> Material provided:
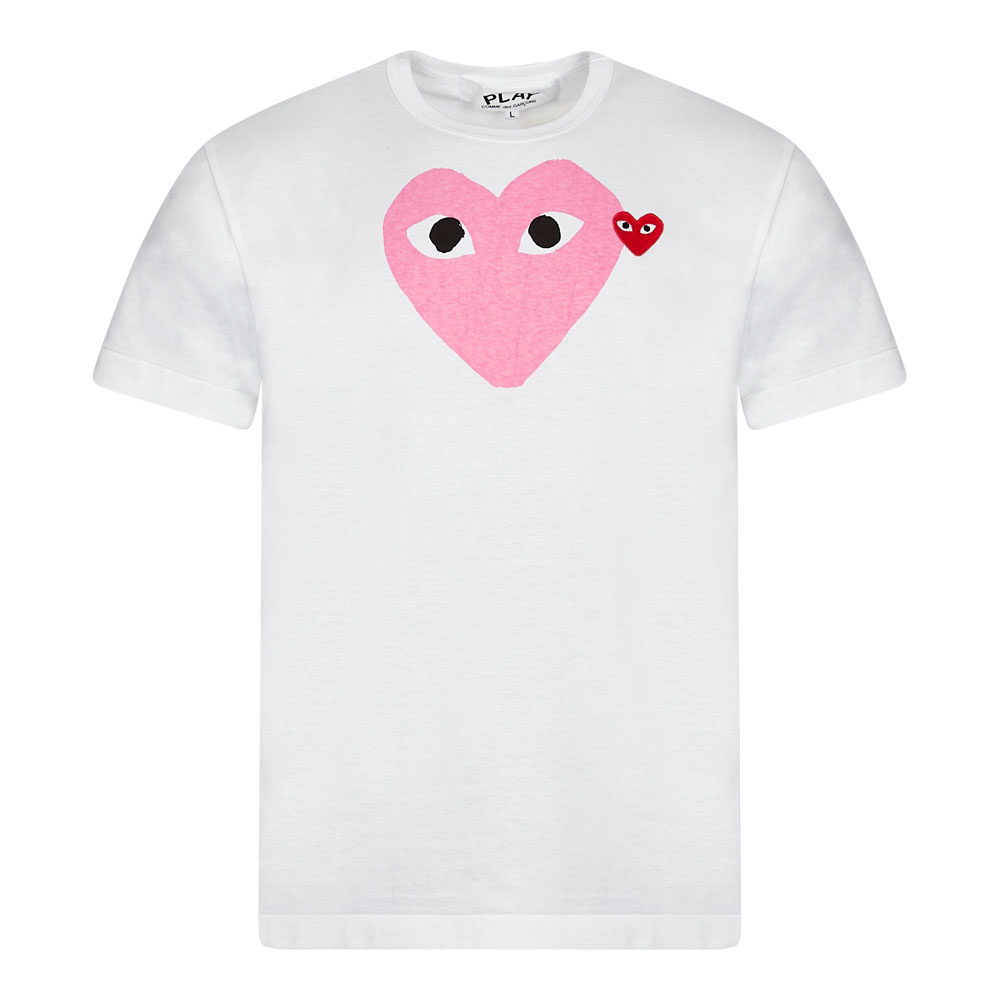 Comme Des Garcons Play Two Hearts T-Shirt - White / Pink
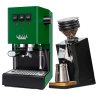 Gaggia Classic E24 Jungle Green Espressomaskin Inkl. Eureka Mignon Zero 65 Speedy Mattsvart Espressokvarn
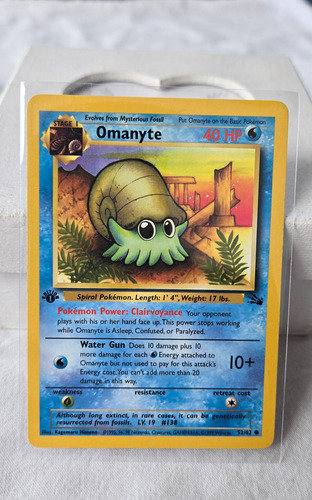 Pokemon Omanyte 52/62 Fossil 1° Edición 1999 Nm Inglés Omanyte 1 Edición Inglés (Usado)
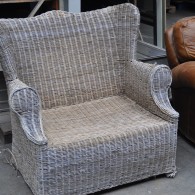 Oude rotan love seat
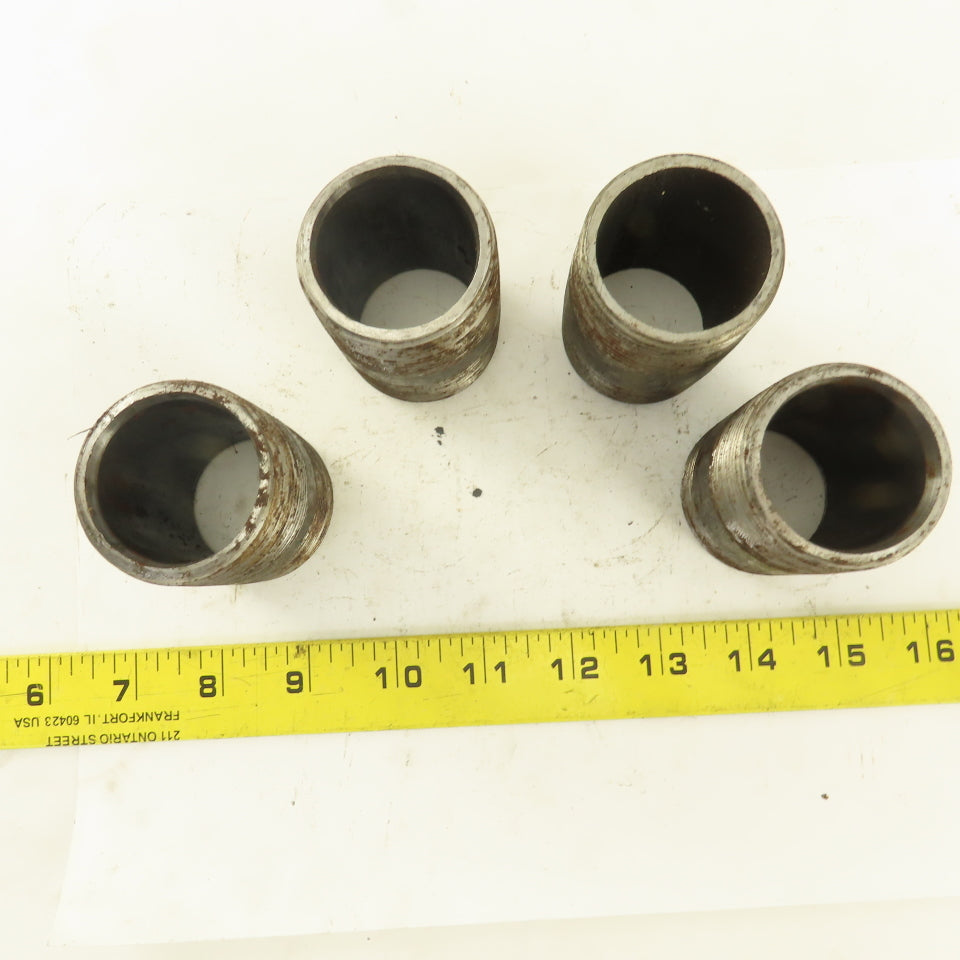 1-1/2" NPT x 2-1/2" Schedule 80 Black Steel Welded Pipe Nipple Lot of 4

> What to work on: Return every record exactly, leaving out the pictures.

> Task response:
 Comme Des Garcons Play Two Hearts T-Shirt - White / Pink
 Gaggia Classic E24 Jungle Green Espressomaskin Inkl. Eureka Mignon Zero 65 Speedy Mattsvart Espressokvarn
 Pokemon Omanyte 52/62 Fossil 1° Edición 1999 Nm Inglés Omanyte 1 Edición Inglés (Usado)
 Oude rotan love seat
 1-1/2" NPT x 2-1/2" Schedule 80 Black Steel Welded Pipe Nipple Lot of 4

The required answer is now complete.